一旦クリアされるも、徳島が前に向きかけた所を遮断してトランジションを突く格好となり、中央を縦に運んで齋藤のスルーパスがエリア内へ。
これに中村が走り込み、前に出たGK田中颯のブロックで撃てずも右CKで継続します。
そしてキッカー高田椋がニアサイドにクロス、再び中村をターゲットにし、跳んだ中村ですが合わせられず。
しかしこれがその奥に居た森海に当たってゴールへと吸い込まれ、まさかのオウンゴールという形で先制点が生まれます。
ストーン役が招いてしまった失点に沈む徳島を尻目に、ホーム未勝利の呪縛を断ち切るべくの得点に沸き上がる秋田サイド。

直後の展開も、諸岡の出足良いボール奪取に対し棚橋がレイトで倒してしまいFKを与える(4分)という具合に、動揺を隠しきれない徳島。
何とか落ち着くべく、白井が最終ラインに降りてのビルドアップに活路を見出す事に。

2トップに対し3枚の最終ラインというベタな方策ながらも、リードした秋田が抑え気味になった事でポゼッションは確保できるようになり。
そうなると、外山が最終ラインに残っての3枚など色々形を変える余裕も生まれ、殆どボール奪取させずに攻撃機会を重ねていきます。
それでも前節同様、守備重視の相手に対しどう崩すかというのが最大の課題であり。
11分に棚橋が足を痛めたというタイミングでベンチが動き、棚橋→高田颯。
これにより西谷がトップ下へと回ります。

自身のリズムは掴むも、フィニッシュに辿り着けない停滞感も強まる徳島。
試合を動かしたのは秋田の方で、15分に左サイドでボール奪取した畑、そのまま遠目からシュートを狙うも枠を捉えられず。
これに徳島サイドの方が発奮したか、続く16分に内田が右サイドを持ち上がっての前進から西野がクロス。
クリアされ、拾った内田のクロスも実らずも、逆サイドで拾った高田颯がカットインから中央へのパス。
トップ下に回った西谷が、切り返しを経てペナルティアークからシュートを放つもGK圍のセーブに阻まれ。

攻撃意欲を高めたい徳島、20分さらに動いて西野・杉森→田向・渡へと2枚替え。
これで森海・渡が2トップの4-4-2となり、SHは右に高田颯・左に西谷とポジションチェンジ。
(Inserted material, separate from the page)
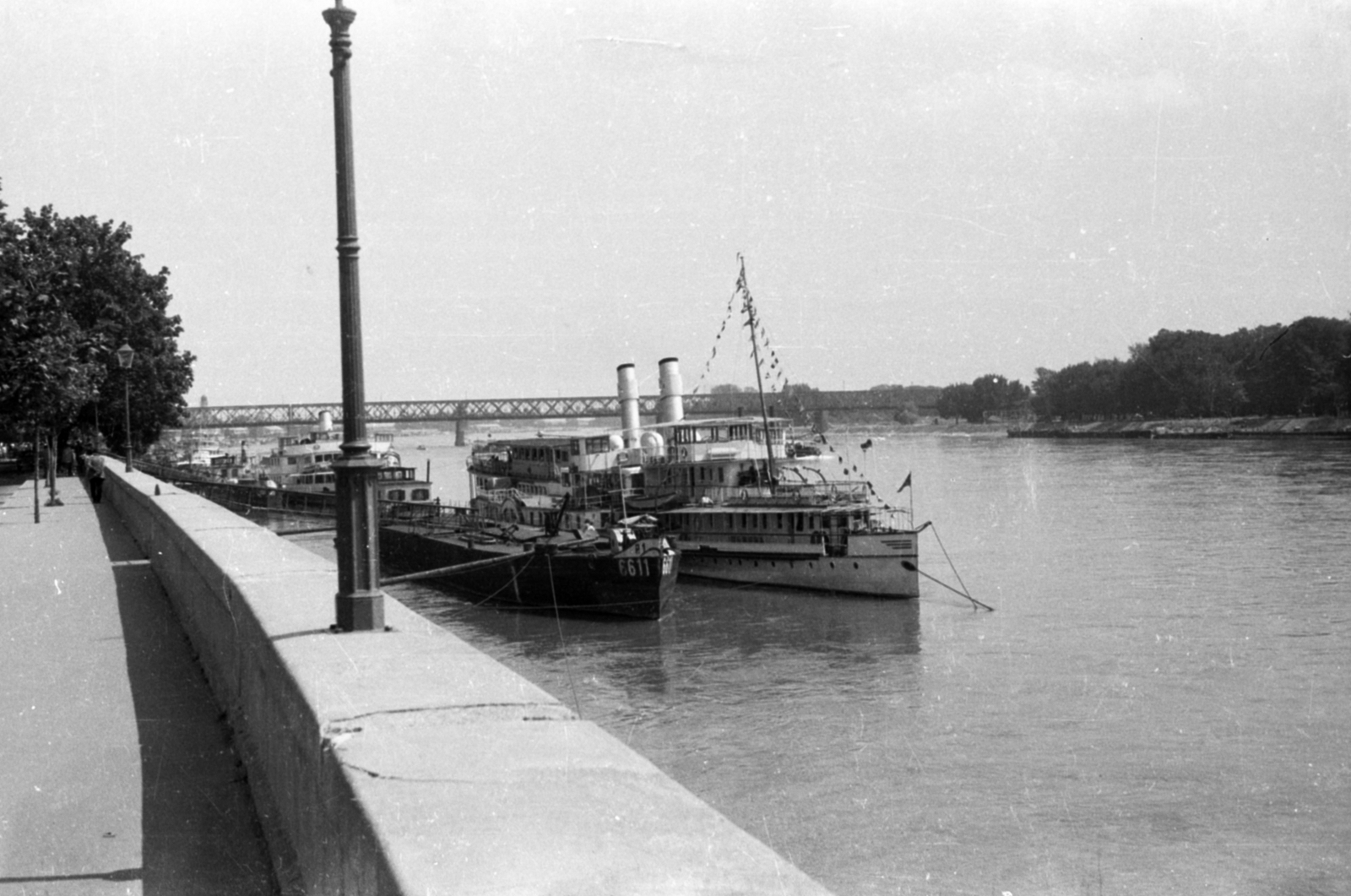 Slovakia, Bratislava, Duna-part (Rázusovo nábrežie), kikötő, háttérben a vasúti híd., 1959, Kurutz Márton, Czechoslovakia, ship, Fortepan #203945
以降右に回った高田颯はワイドに張りっぱなしとなり、その内側で田向が上がるという、「偽SB」の色をさらに強め。
23分(GK以外)全員敵陣へと入り込んで最終ラインで組み立ての末に、左から西谷がクロス。
ファーサイドで渡が落とすと、フィニッシュを放ったのは中央に上がっていた田向でしたが、そのボレーシュートはゴール前で小柳が足を上げてのブロックで防がれ同点ならず。
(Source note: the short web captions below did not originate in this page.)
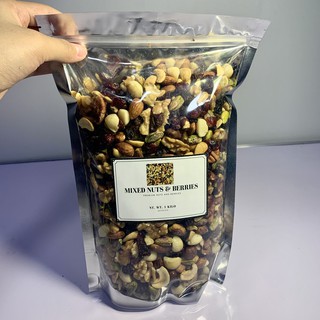 Mixed Nuts and Dried Berries 1 kilo -Imported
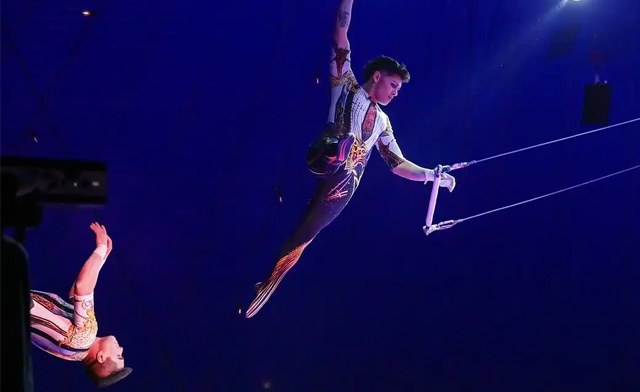 Image of EARLY BIRD! $15 & Up for General or Premium Tickets to the Royal Canadian Circus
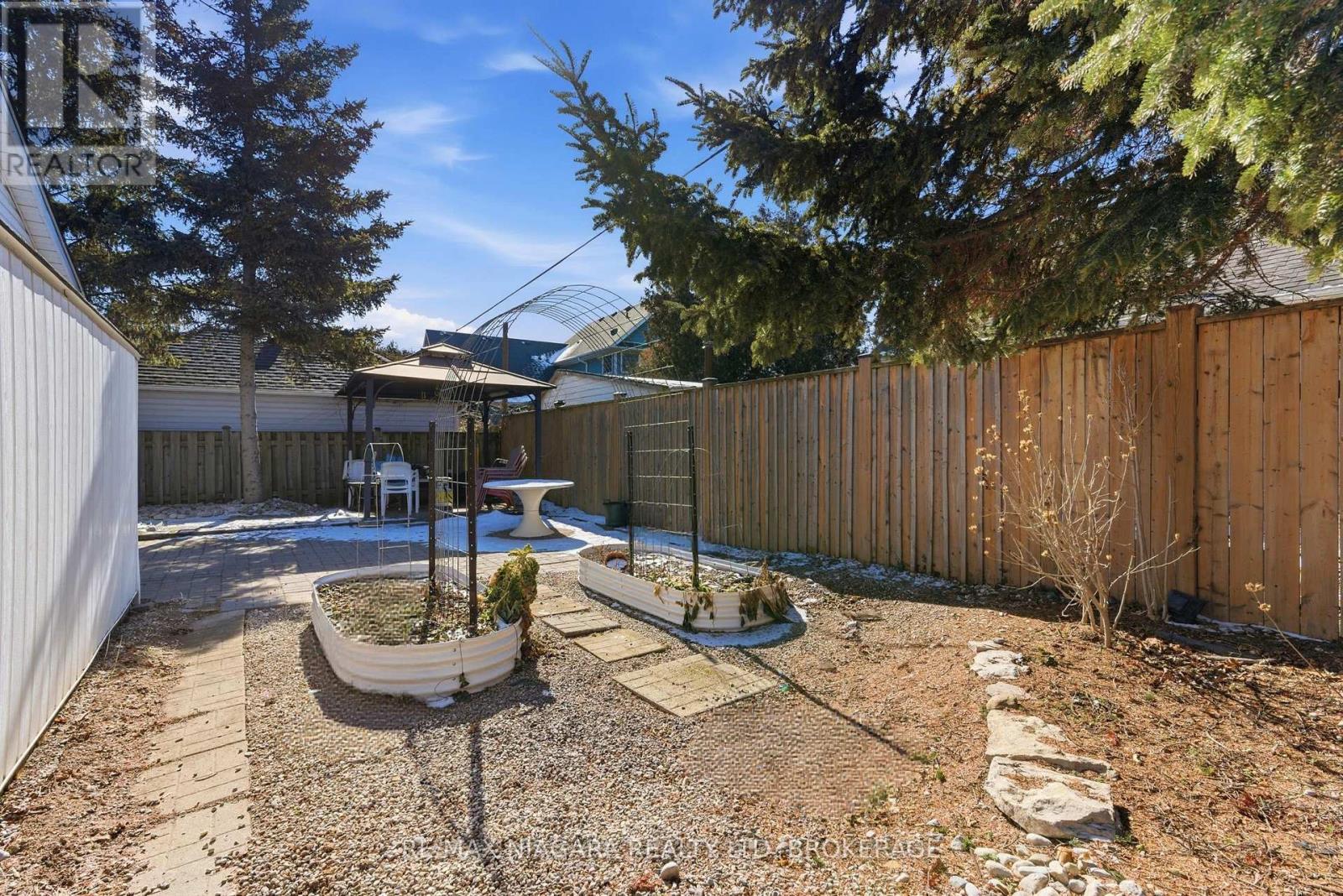 5 Pawling Street, St. Catharines, Ontario  L2N 5M1 - Photo 27 - X12839100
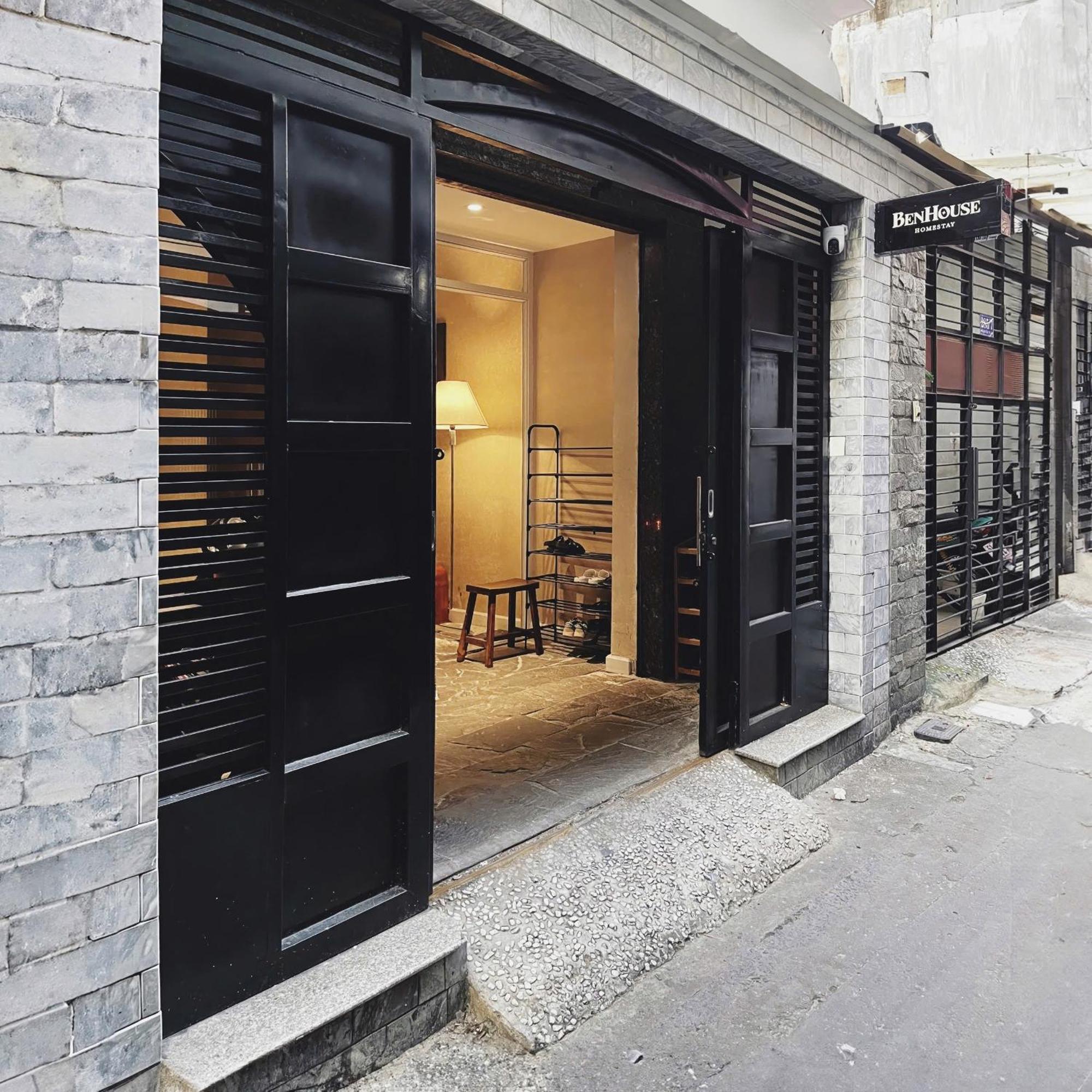 Benhouse Homestay โฮจิมินห์ซิตี้ ภายนอก รูปภาพ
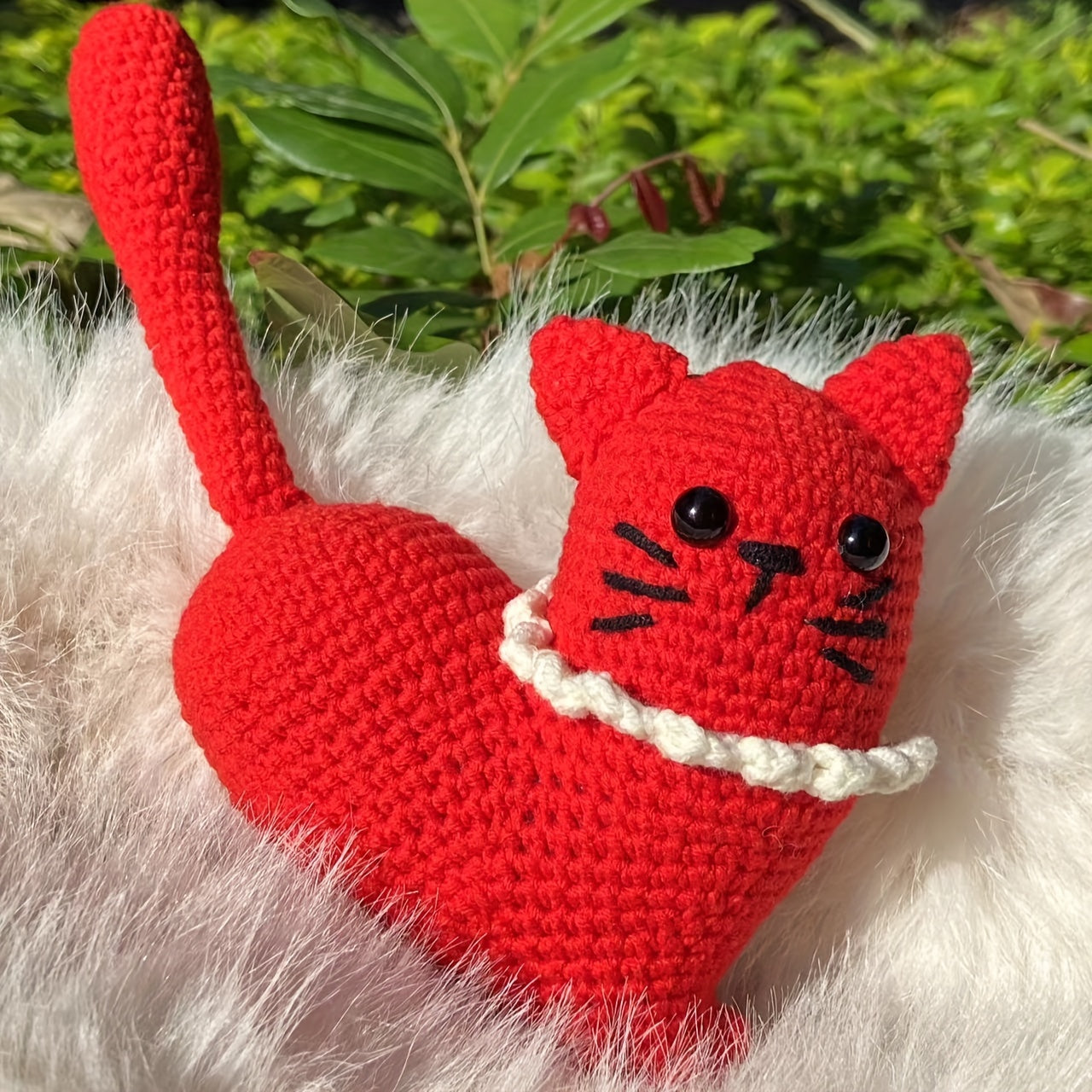 Handgehäkelte Katze aus Wolle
ポゼッションの神髄は見せている徳島ですが、ワイドからのクロスが多めとなるアタッキングサードでの展開が今一つに見える理由であり。
秋田のような4バックに対し、ポケットを使いながら崩す技量を発揮したい所ですが、果たして来季は望む事が出来るか。

押し込まれる秋田、27分に高田椋のボール奪取からのカウンターで、フィニッシュには辿り着けずも一息つく格好に。
ベンチも直後に動き、中村・青木・齋藤→三上・丹羽・梶谷へと3枚替えを敢行します。
徳島の流れを断ち切ると、30分に右サイドを細かく繋いでの前進、藤山がドリブルから中央へ横パス。
梶谷のポストプレイを経て三上がミドルシュート、これがループの軌道でゴール左を襲うも、GK田中颯が片手で何とかセーブと1点もののプレーに。

勝負を決められなかった秋田。(32分に畑→沖野へ交代、三上が左SHに回る)
以降も早く攻めたい徳島の逆を突くように好機を作るも、ポケットを突いた丹羽がシュートでは無くマイナスのクロスを選択してカットされる(36分)など、その影響が表れ始め。

徳島の最後の交代は38分で、外山→坪井。
これにより右から内田・森昂・田向の3バックとなり、ウイングバックが右=高田颯・左=西谷という布陣での3-4-2-1に。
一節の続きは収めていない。